Just as long as it supports server-side errors, it may be enough.
Although, it will not work with any 3rd party components, will it? If
so, users would be required to use only Trinidad components and I
doubt if that is a good requirement/restriction. CSS styling of error
components may not always be enough, for example the label component
may also need to be styled. Programmers may also want the ability to
scroll the page and put focus into the first invalid component.
Getting away from the standard component->renderer->HTML approach
seems a bit risky to me. If you are to have this custom solution, you
will need to make sure that other components, that are not the ones
that have errors can also make rendering changes (like the label
component for example).

I still don't like the idea the Trinidad will not let you have the
ability to trigger the partial-update immediately based on a form
submittal from a component. I have never thought it to be a good idea
for re-usable UI components to force programmers to code a certain way
and not leave room for flexibility of less than standard use cases. I
guess that is where custom components or code must be written?

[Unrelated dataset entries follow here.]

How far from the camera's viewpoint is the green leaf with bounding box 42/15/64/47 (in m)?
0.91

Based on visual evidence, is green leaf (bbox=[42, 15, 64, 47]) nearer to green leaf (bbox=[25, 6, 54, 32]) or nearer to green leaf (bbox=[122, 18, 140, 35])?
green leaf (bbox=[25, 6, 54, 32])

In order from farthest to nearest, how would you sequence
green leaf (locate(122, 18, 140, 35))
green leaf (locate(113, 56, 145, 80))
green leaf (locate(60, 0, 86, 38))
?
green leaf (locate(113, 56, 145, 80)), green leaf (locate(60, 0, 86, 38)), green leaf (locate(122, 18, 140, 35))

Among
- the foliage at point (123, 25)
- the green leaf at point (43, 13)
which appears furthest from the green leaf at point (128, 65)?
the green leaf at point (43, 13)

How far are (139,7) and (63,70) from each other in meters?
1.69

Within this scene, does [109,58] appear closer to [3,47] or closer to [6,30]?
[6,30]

As for client side validation, it will never cover all validations,
and it cannot perform conversion (at least not Java Object conversion,
it can do very simplistic conversions like numbers), so it is never a
100% catch-all for validation errors and conversion errors. So even
with client side validation enabled, some validation and conversion
errors may occur on the server (like database unique violations,
database optimistic locking concurrency check errors for 2 examples).

.....
> I don't buy this as a sufficiently strong reason to add alwaysRendered,
> given how I think that it will break when we functionality that I consider
> absolutely critical for addition in JSF 1.2 - we have to stop requiring
> decode()
> and encodeXYZ() be called on every component on every AJAX request.

Understood. How will component developers be able to guarantee that
their components are called with those changes? Would they register
for some kind of callback in the encode phase to be notified when the
view is decoded and then use invokeOnComponent to be called?

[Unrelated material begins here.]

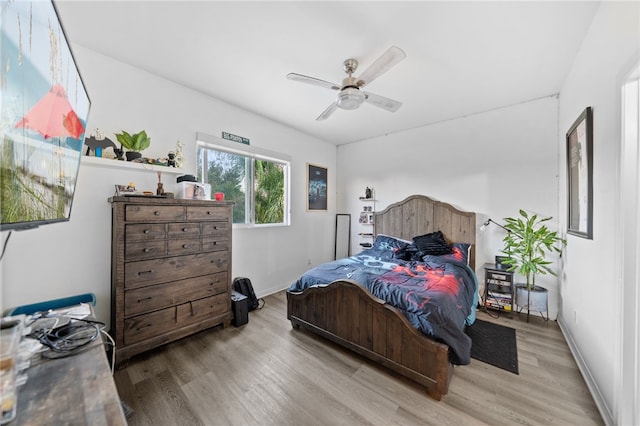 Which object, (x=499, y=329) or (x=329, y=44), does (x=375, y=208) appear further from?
(x=329, y=44)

For example, how would someone go about doing what I did in your mind
(updating a global message component that isn't a Trinidad component
or at least is more than just the tr:messages that has to be updated)?

> A sandbox would be great, but we don't have one set up.
>
> A branch would go somewhere like:
>
> http://svn.apache.org/repos/asf/myfaces/trinidad/branches/arobinson-ppr-components

I'll move them soon. Without a separate jar (sandbox) the code will be
unusable except for code reviews unfortunately. For a sandbox idea,
were you thinking of a different JAR, or including them in the current
folders in different packages (org.apache.myfaces.trinidad.sandbox...)
and a different namespace (trs prefix or something)?